This question resonates with researchers because it carries a responsibility, as openness cannot be envisioned without attention to individuals, rights, fields, and production contexts. It leads to moving beyond an approach focused solely on ownership: with the principle of open access for public data, the question shifts to their nature, legal status, and the concrete conditions of their openness. It also challenges the very organization of scientific work, showing that research can no longer be seen as an individual and isolated activity.
Research data represent a collective challenge for the academic ecosystem. Open practices remain more limited without data engineers, despite being central socio-technical mediators in the redefined roles brought by open science. Behind data sharing and FAIR principles lies considerable, often invisible but essential work, requiring support, recognition, training, resources, and dialogue between stakeholders.
This day highlighted a convergence of worlds that had sometimes worked side by side without considering themselves together (researchers, librarians, support staff, legal experts, data engineers, information specialists, infrastructures, and platforms) all contributing, in their respective roles, to the quality of what we produce and transmit.

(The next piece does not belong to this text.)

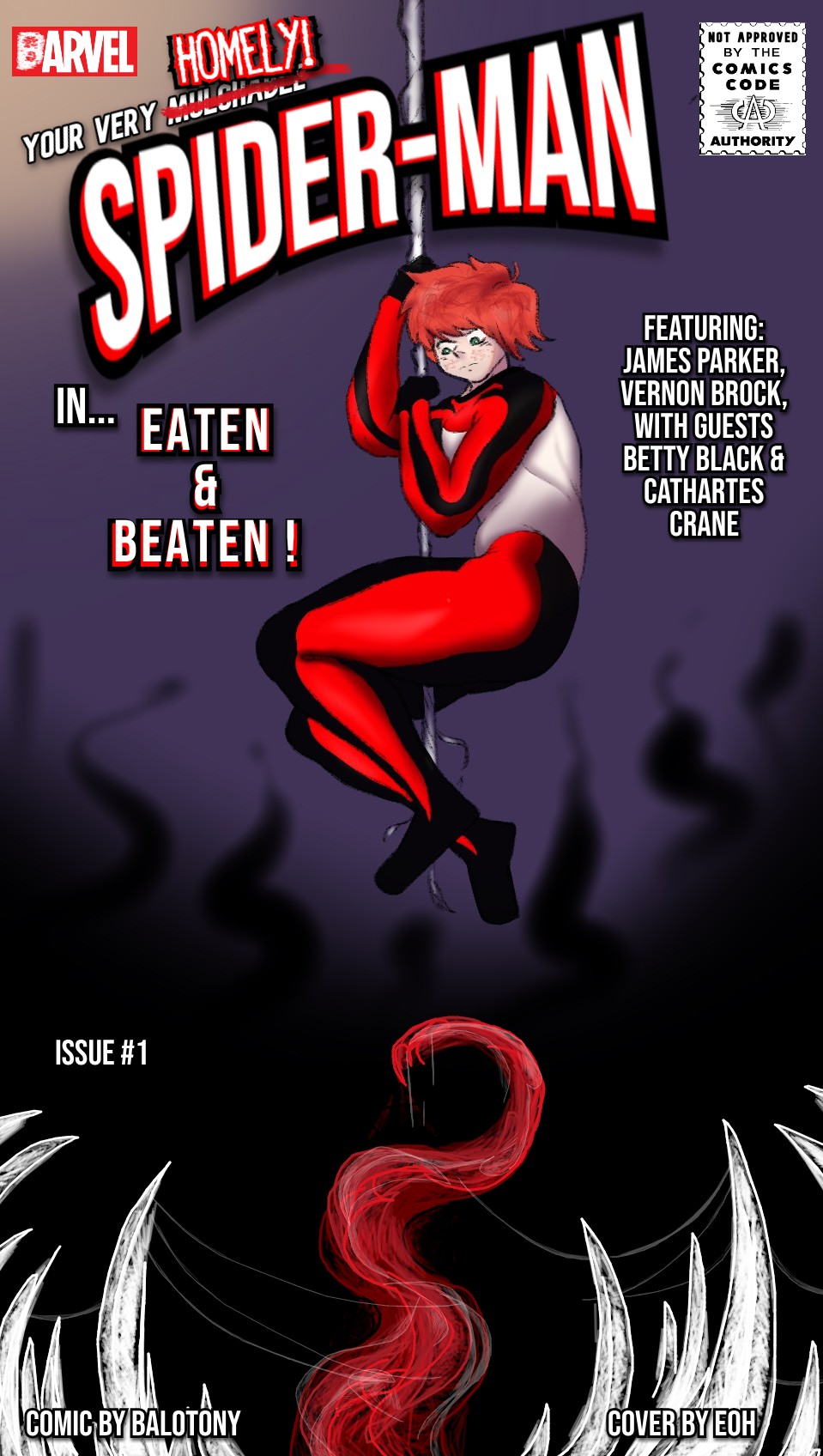 Spiderman: Eaten&Beaten! page 1 full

Finally, the day revealed that some data need to be protected or restricted, without contradicting open science, hence the concept of being “as open as possible, as closed as necessary.” The round table also emphasized the importance of instilling a genuine data culture from the undergraduate level. In conclusion, it was expressed that these exchanges should continue in laboratories, projects, doctoral programs, feed team discussions, and that the idea that “the main obstacle is ourselves” should belong to the past. Taking care of research data is also taking care of research itself.